Anaesthetics are used during surgery to numb certain areas or to induce sleep. The types of anaesthetics which are used in the upper limb surgery are local anaesthetic, regional anaesthetic, and general anaesthetic. The surgeon and the anaesthetist will discuss with you regarding this during the clinic visit and on the day of surgery.
They are generally safer and do not cause you to lose consciousness. The recovery after local anaesthetic is faster. The surgeon injects the local anaesthetic, similar to the one in dentist, in the area of surgery and performs the surgery. The local anaesthetic effect usually lasts around eight hours. Sometimes it can last longer. The surgeons usually advise the patients to take some painkillers when they start getting the sensation back in that region.
This is usually performed to numb the nerves supplying a particular part of a body such as the entire hand, arm or the whole upper limb. The anaesthetist uses ultrasound scan to pinpoint the nerve on the top of the shoulder or along the course of nerve and they inject local anaesthetic to numb the nerves of the entire limb. It usually takes about 30 minutes for it to be fully effective.

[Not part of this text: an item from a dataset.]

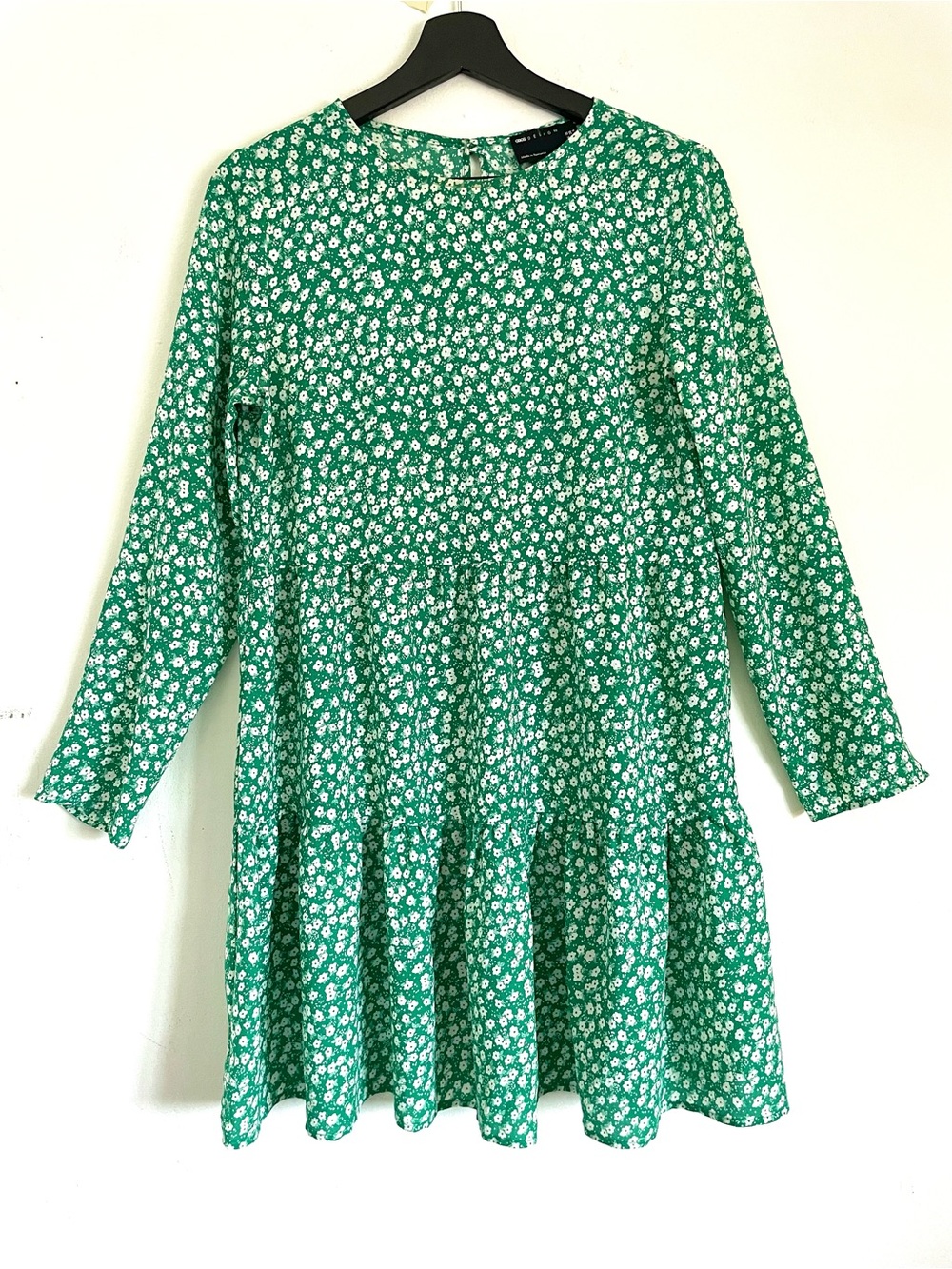 ASOS Long Sleeve Tiered Smock Mini Dress in Green & White Floral 6 EUC Boho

Regional anaesthetic has all the advantages of local anaesthetics. However in major surgeries the anaesthetists often combine the regional anaesthesia with sedation to make you feel more relaxed and comfortable.
General anaesthetic is used in more complex surgeries which takes you to a state of controlled unconsciousness so that you are unaware of the surgery and do not feel any pain when it is carried out. General anaesthetics can affect your memory, concentration, and reflections for a day or two so it is suggested to have a responsible adult to stay with you for at least 24 hours after surgery. Also after a general anaesthetic you will be advised to avoid driving, drinking alcohol and signing any legal documents for 24 to 48 hours.